The potential damage the proposed Soda Mountain Solar Project stands to inflict on Mojave National Preserve’s fragile desert ecosystem has been well-chronicled. The 4,000-acre development would block bighorn sheep from moving between nearby desert mountain ranges and preclude reestablishing a critical wildlife corridor between the South and North Soda Mountains. Migrating and resident birds, attracted by the area’s numerous seeps and springs, would likely be injured or killed if they collide with photovoltaic panels.
Unobstructed views from the Mojave National Preserve, which surveys demonstrate are one of tourists’ key reasons for visiting the California desert national parks, would be marred. Desert tortoise habitat would be bulldozed. The project’s groundwater pumping could dry up springs along Zzyzx Road that are used by bighorn sheep, as well as harm the water quantity and quality of Soda Spring, threatening the survival of the federally endangered Mohave tui chub.
As planned, the project would include a 350-megawatt solar power facility, with a solar array spanning approximately 2,000 acres of the Mojave Desert, straddling northern and southern points of Interstate 15, west of Baker. According to the project’s website, the facility would produce enough electricity to power the equivalent of 170,000 homes. However, the project proposal has not identified a buyer for the electricity and some of the transmission lines running through the area are already at maximum capacity.
However, there has been little focus on the project’s adverse impacts to the Zzyzx Desert Studies Center and the Mojave National Preserve’s environmental education programs. The Desert Studies Center is managed by California State University and is nestled in a refuge of natural desert ponds, dry lakes and foothills just to the east of the proposed project. It draws students and experts from around the world to conduct research, teach about the wonders of the Mojave Desert and experience the pristine desert environment. As former superintendents of Joshua Tree and Death Valley national parks, we are well aware of the benefits of such hands-on educational programs in building stewardship and teaching people about the value of the desert.

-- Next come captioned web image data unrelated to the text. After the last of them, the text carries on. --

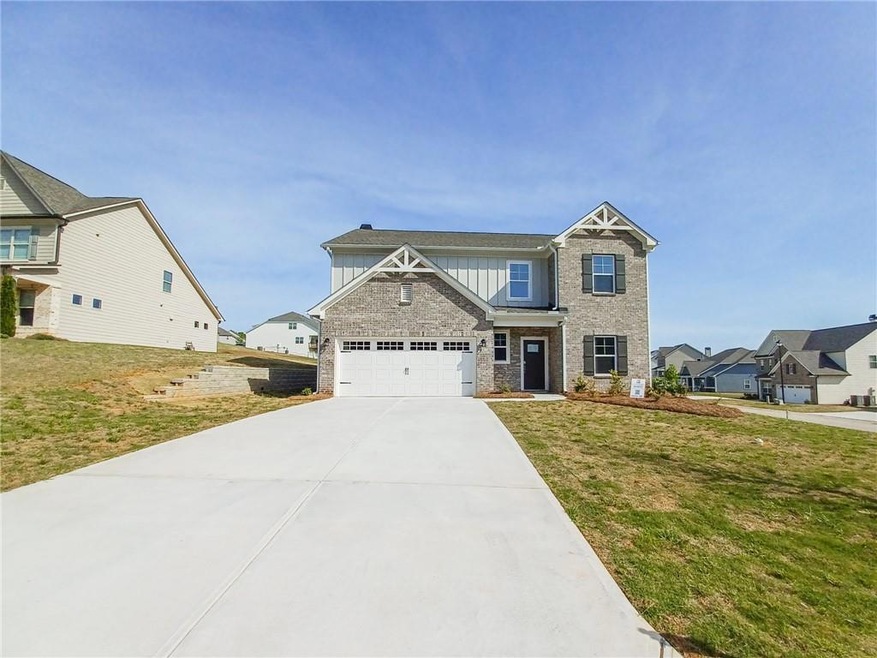 1355 Woods Ln, Jefferson, GA 30549 - photo 1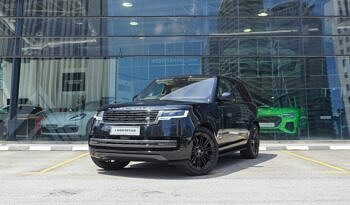 Land Rover New Range Rover LWB First Edition P530 full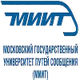 莫斯科国立交通大学女篮 Logo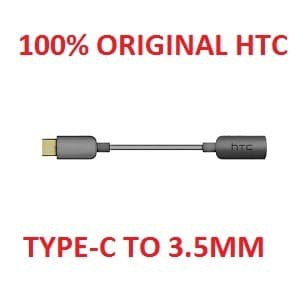 HTC Type-C to 3.5MM Jack Audio Orignal 100%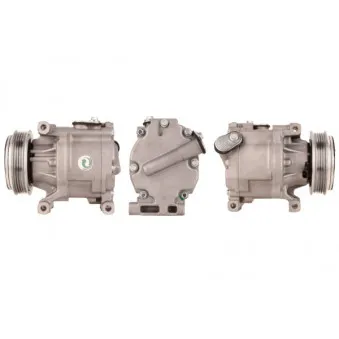 Compresseur, climatisation LUCAS ACP296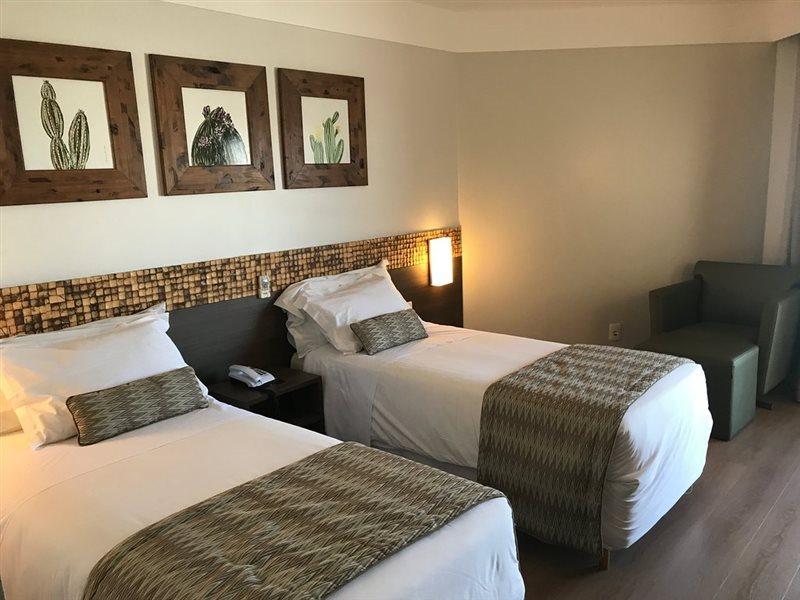 Celi Hotel Aracaju Exterior foto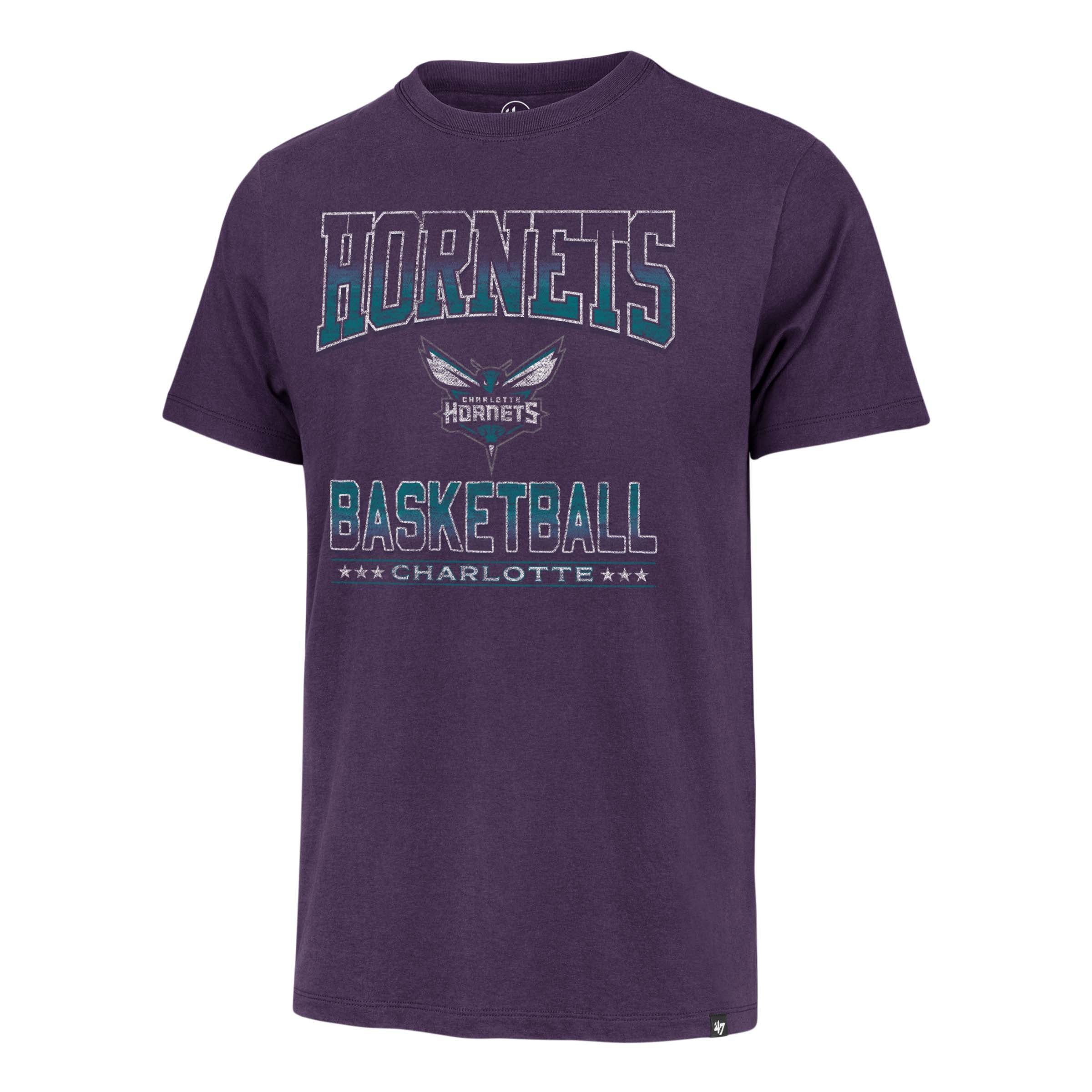 CHARLOTTE HORNETS INNER FADE '47 FRANKLIN TEE sold by 47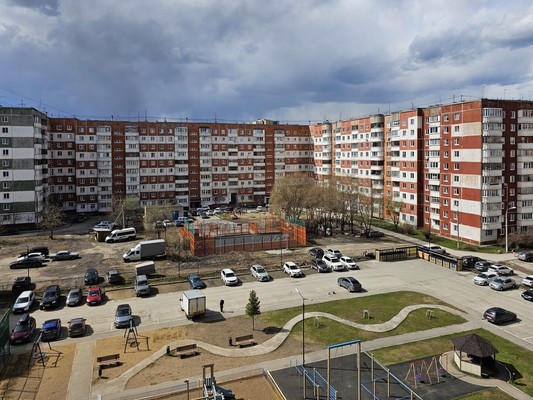 Продам двухкомнатную (2-комн.) квартиру, Советской Армии ул, 72/1, Пермь г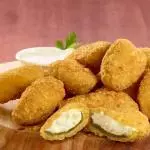 Chiles Jalapeños c/ queso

The Mojave National Preserve also uses this facility for environmental education programs that reach underserved schoolchildren from the Barstow area. Elementary and middle school children search for scorpions with ultraviolet lights, learn about the special adaptations of desert plants and animals, acquire knowledge about Native American cultures and gaze up in wonder at the dark, starry night skies.
Consider for a moment that if the Soda Mountain Solar Project is built, these young students will escape the urban environment of Barstow only to encounter an industrial zone next to a national park. Is this really the message we want to send to our youth, especially when better options exist?
The project harms the very resources that are the foundation and instructional basis for these programs. Soda Mountain Solar would create light, glare and thousands of acres of photovoltaic panels, marring scenic vistas and night skies. Air quality stands to be diminished by fugitive dust from construction. Drawdown of critical seeps and springs would impair the fragile desert ecosystem. The Soda Mountain Solar Project’s impact to the human dimensions of the desert ecosystem has not yet been thoroughly examined.
Aldo Leopold thought that one of our outstanding scientific discoveries was not technological, but our understanding of the complexity of the land. Leopold aptly observed, “Conservation is a state of harmony between men and land.” Far from being harmonious, the Soda Mountain Solar Project strikes a dissonant chord with those of us who have worked hard to preserve and protect special places like the Mojave National Preserve because it threatens this country’s considerable investment in our desert public lands and national parks.
We ask U.S. Bureau of Land Management Director Neil Kornze and state BLM Director Jim Kenna to relocate the project to an area that will not adversely impact our desert communities, educational programs, or ecosystems.
Curt Sauer was superintendent of Joshua Tree National Park from 2002-10 and J.T. Reynolds was superintendent of Death Valley National Park from 2001-09.